● TASK INSTRUCTIONS
Note on the material below: return exactly the lines from the line that holds "Лот: 5891013. Фото: 1." through the line that holds "kurze lockige 13×1", and leave out each picture.

● DATA
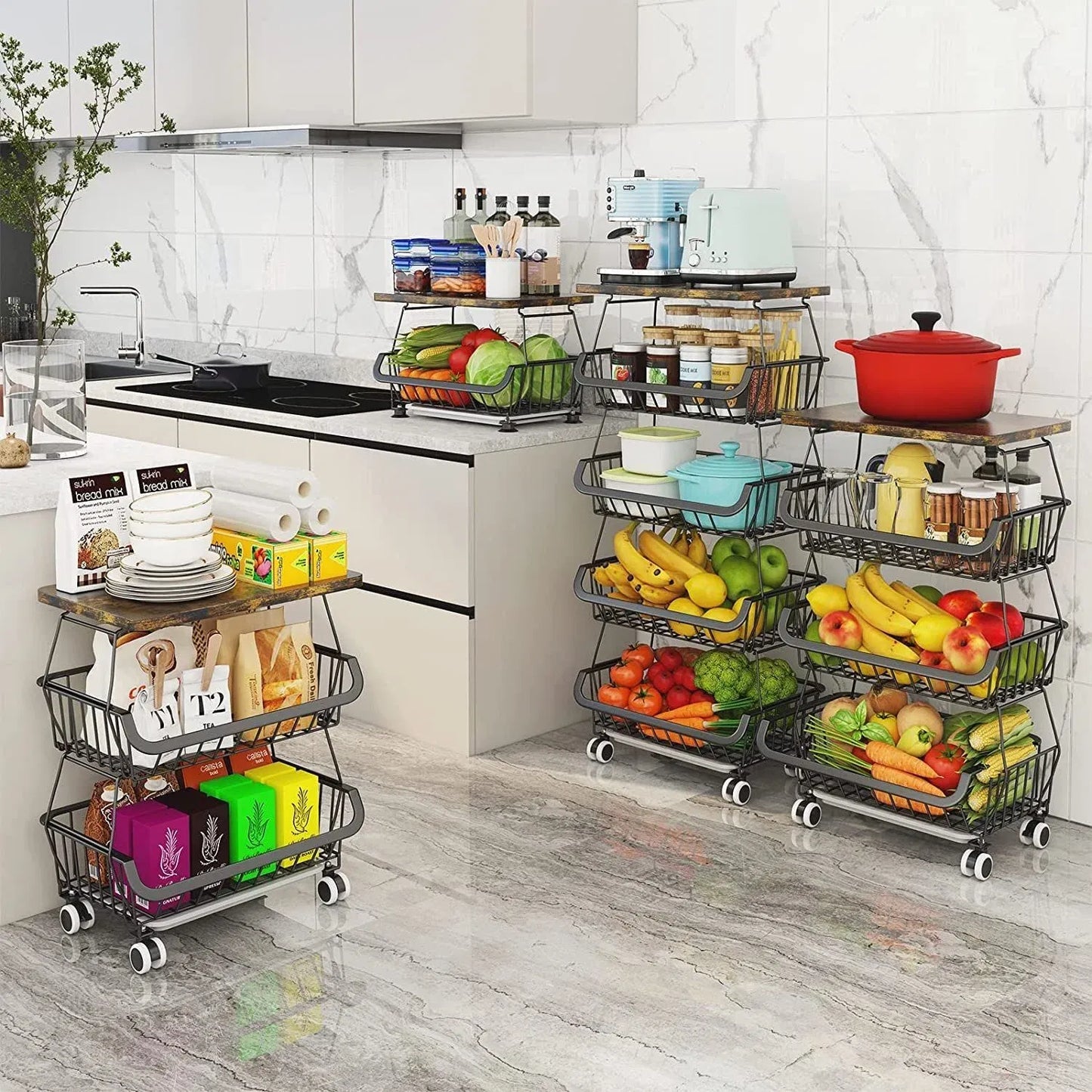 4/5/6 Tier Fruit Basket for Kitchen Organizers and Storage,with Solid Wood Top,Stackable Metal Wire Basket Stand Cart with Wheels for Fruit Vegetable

--

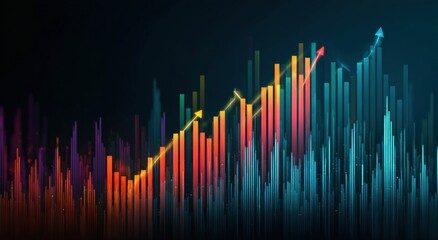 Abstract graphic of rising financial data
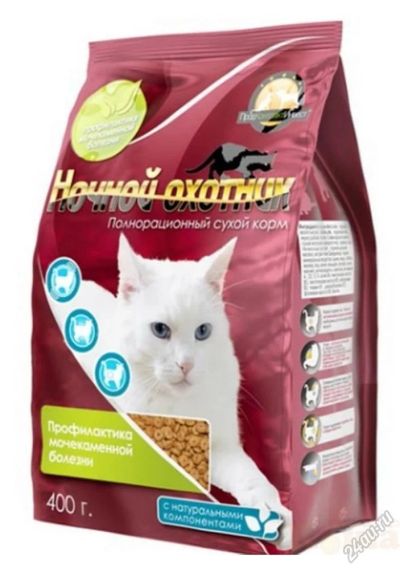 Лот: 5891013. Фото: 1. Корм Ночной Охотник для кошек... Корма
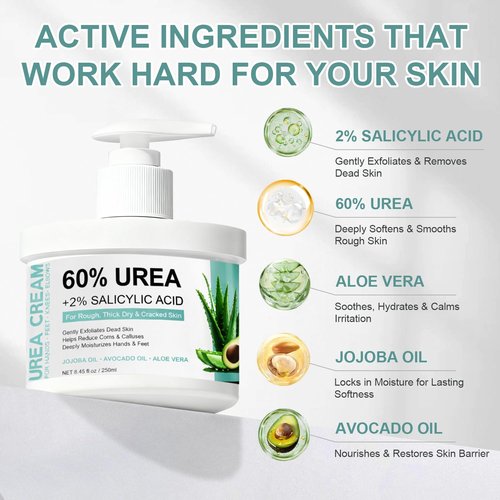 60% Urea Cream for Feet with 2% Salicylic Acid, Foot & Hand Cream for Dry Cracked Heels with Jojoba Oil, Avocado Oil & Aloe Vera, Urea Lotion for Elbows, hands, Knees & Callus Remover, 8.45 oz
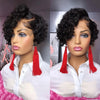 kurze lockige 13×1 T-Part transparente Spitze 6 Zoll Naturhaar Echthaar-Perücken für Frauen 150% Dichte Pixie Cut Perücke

==

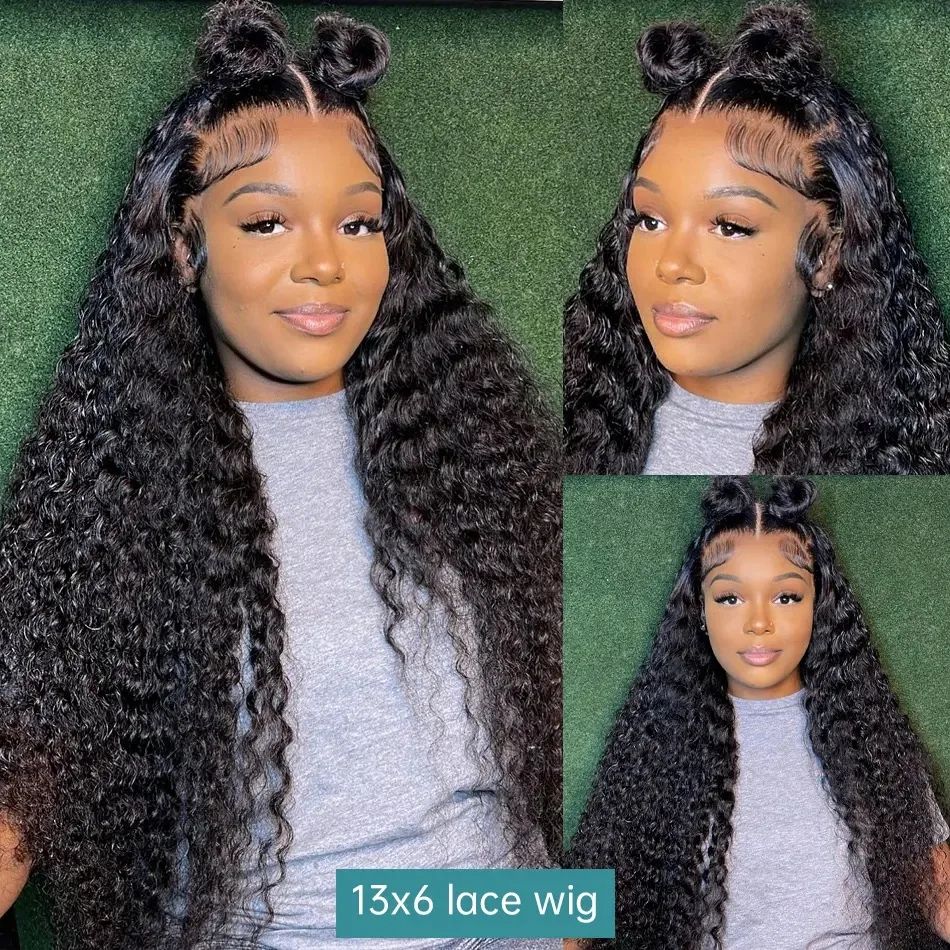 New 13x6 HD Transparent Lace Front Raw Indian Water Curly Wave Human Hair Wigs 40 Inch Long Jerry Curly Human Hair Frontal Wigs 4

● EXERCISE OUTPUT
 Лот: 5891013. Фото: 1. Корм Ночной Охотник для кошек... Корма
 60% Urea Cream for Feet with 2% Salicylic Acid, Foot & Hand Cream for Dry Cracked Heels with Jojoba Oil, Avocado Oil & Aloe Vera, Urea Lotion for Elbows, hands, Knees & Callus Remover, 8.45 oz
 kurze lockige 13×1 T-Part transparente Spitze 6 Zoll Naturhaar Echthaar-Perücken für Frauen 150% Dichte Pixie Cut Perücke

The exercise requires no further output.